_Directions for this task_
An exact copy of every record is needed, with all pictures omitted.

Dataset records Block Start

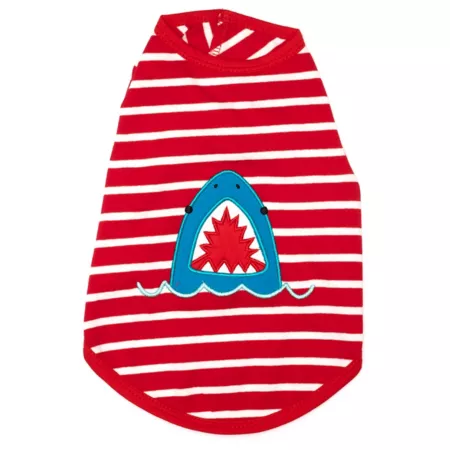 Worthy Dog - Applique Stripe Knit Shark Dog T-Shirt Dog Shirts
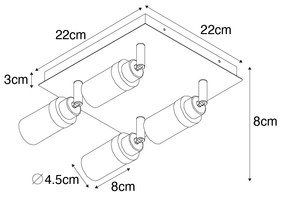 Moderne badkamer Spot / Opbouwspot / Plafondspot zwart 4-lichts IP44 - Japie Modern G9 IP44 vierkant Lamp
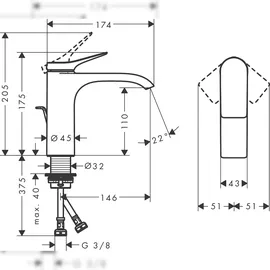 Hansgrohe Vivenis 110 Einhandmischer mattschwarz 75022670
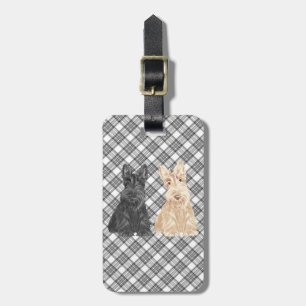 Étiquette À Bagage Scotties tartan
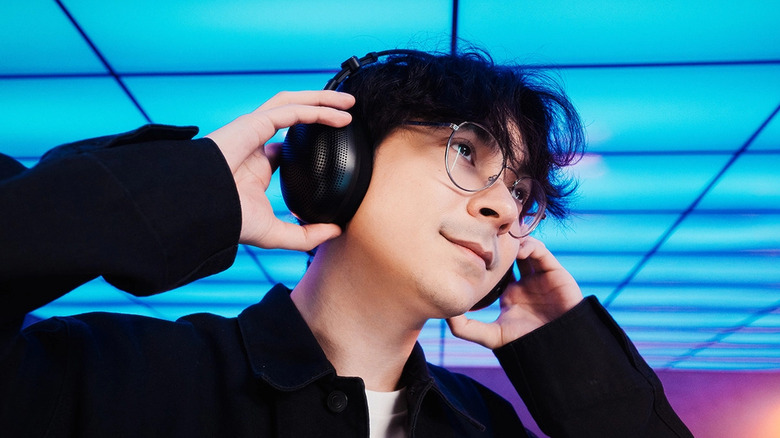A person wearing the Sony Inzone H6 Air headset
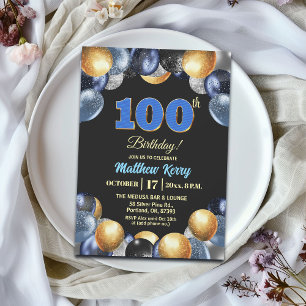 Invitation Fête d'anniversaire élégante bleue argent or 100 a
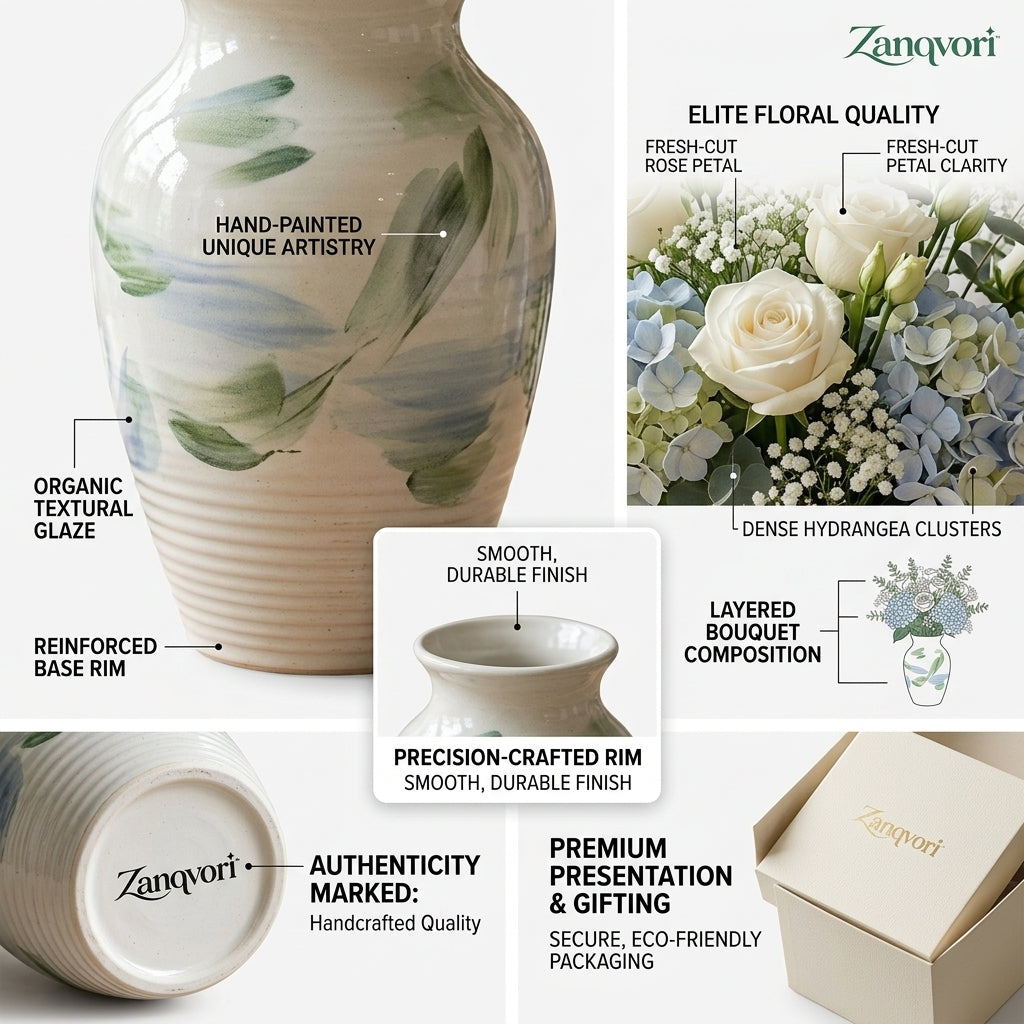 Zanqvori™ Hand-Painted Glazed Ceramic Vase – Artisanal Floral Centerpiece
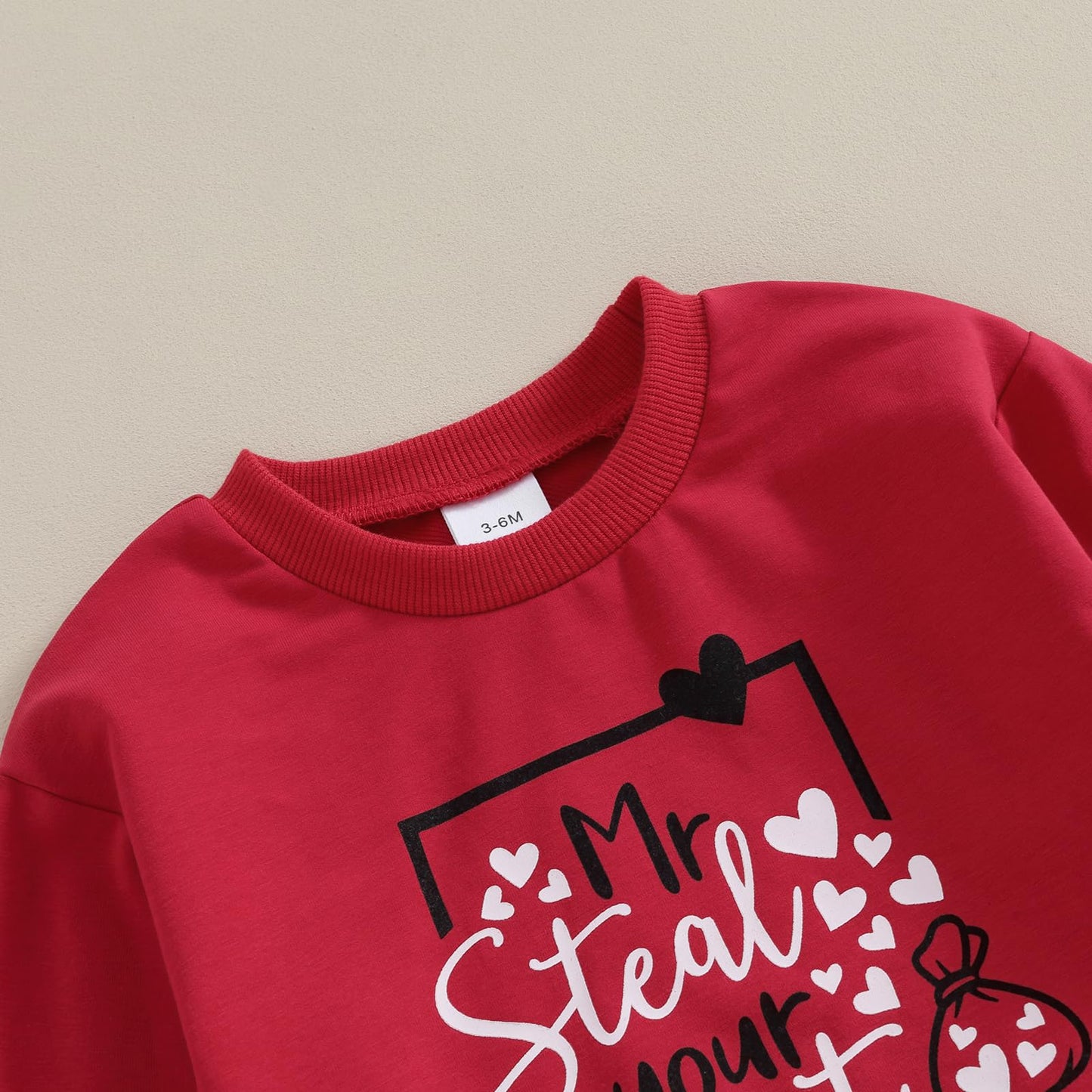 Beqeuewll Baby Boy Valentines Day Outfit Mr Steal Your Heart Set Long Sleeve Sweatshirt Newborn Jogger Infant Boys Clothing (Ste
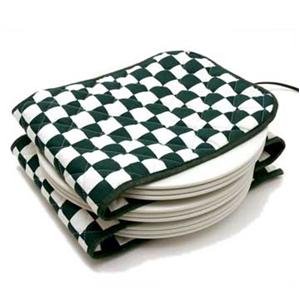 Hot Ideas Chauffe assiette électrique - 12 assiette carreaux vertes et blanches (eur prise) 5028335000309 (5028335000309)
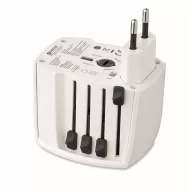   Adaptor universal cu 2 poli, Everestus, 2601E14505, Plastic, Alb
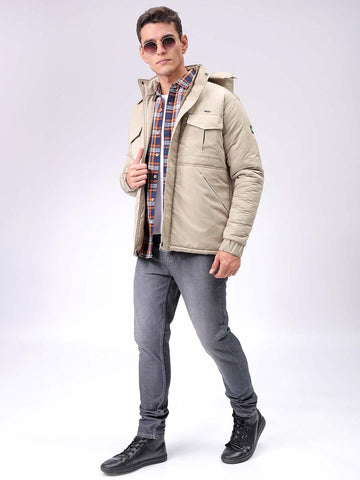 Men's Beige Slim Fit Solid Hooded Jacket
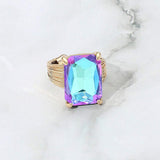 Emerald Cut Stone Adjustable Ring - Madeline Love - Flyclothing LLC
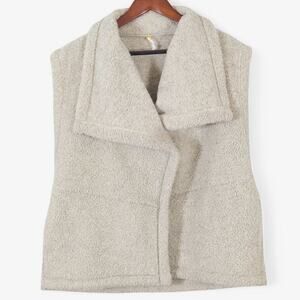 Lucy Faux Shearling Vest Gray Asymmetrical Open Front Size XL Minimalist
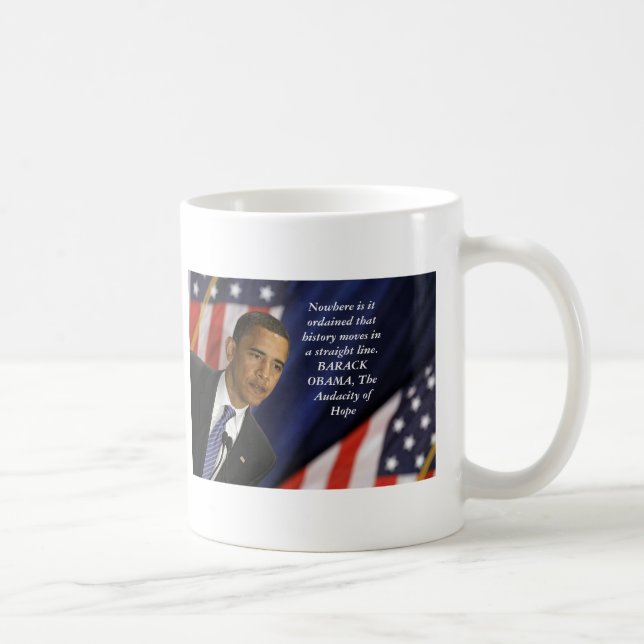 Barack Obama citationstecken på historia Kaffemugg (Höger)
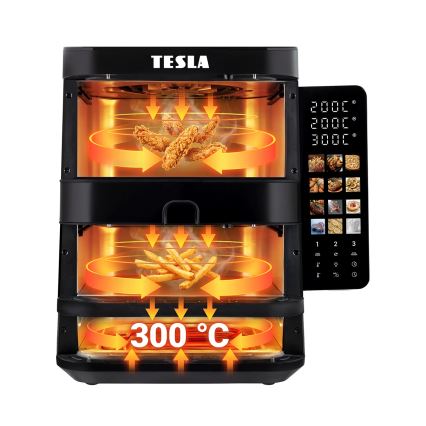 TESLA Electronics AirCook - Friggitrice ad aria a tre zone 14,5 l 2800W/230V nera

Dataset records Block End

_Response box_
 Worthy Dog - Applique Stripe Knit Shark Dog T-Shirt Dog Shirts
 Moderne badkamer Spot / Opbouwspot / Plafondspot zwart 4-lichts IP44 - Japie Modern G9 IP44 vierkant Lamp
 Hansgrohe Vivenis 110 Einhandmischer mattschwarz 75022670
 Étiquette À Bagage Scotties tartan
A person wearing the Sony Inzone H6 Air headset
 Invitation Fête d'anniversaire élégante bleue argent or 100 a
 Zanqvori™ Hand-Painted Glazed Ceramic Vase – Artisanal Floral Centerpiece
 Beqeuewll Baby Boy Valentines Day Outfit Mr Steal Your Heart Set Long Sleeve Sweatshirt Newborn Jogger Infant Boys Clothing (Ste
 Hot Ideas Chauffe assiette électrique - 12 assiette carreaux vertes et blanches (eur prise) 5028335000309 (5028335000309)
   Adaptor universal cu 2 poli, Everestus, 2601E14505, Plastic, Alb
 Men's Beige Slim Fit Solid Hooded Jacket
 Emerald Cut Stone Adjustable Ring - Madeline Love - Flyclothing LLC
 Lucy Faux Shearling Vest Gray Asymmetrical Open Front Size XL Minimalist
 Barack Obama citationstecken på historia Kaffemugg (Höger)
 TESLA Electronics AirCook - Friggitrice ad aria a tre zone 14,5 l 2800W/230V nera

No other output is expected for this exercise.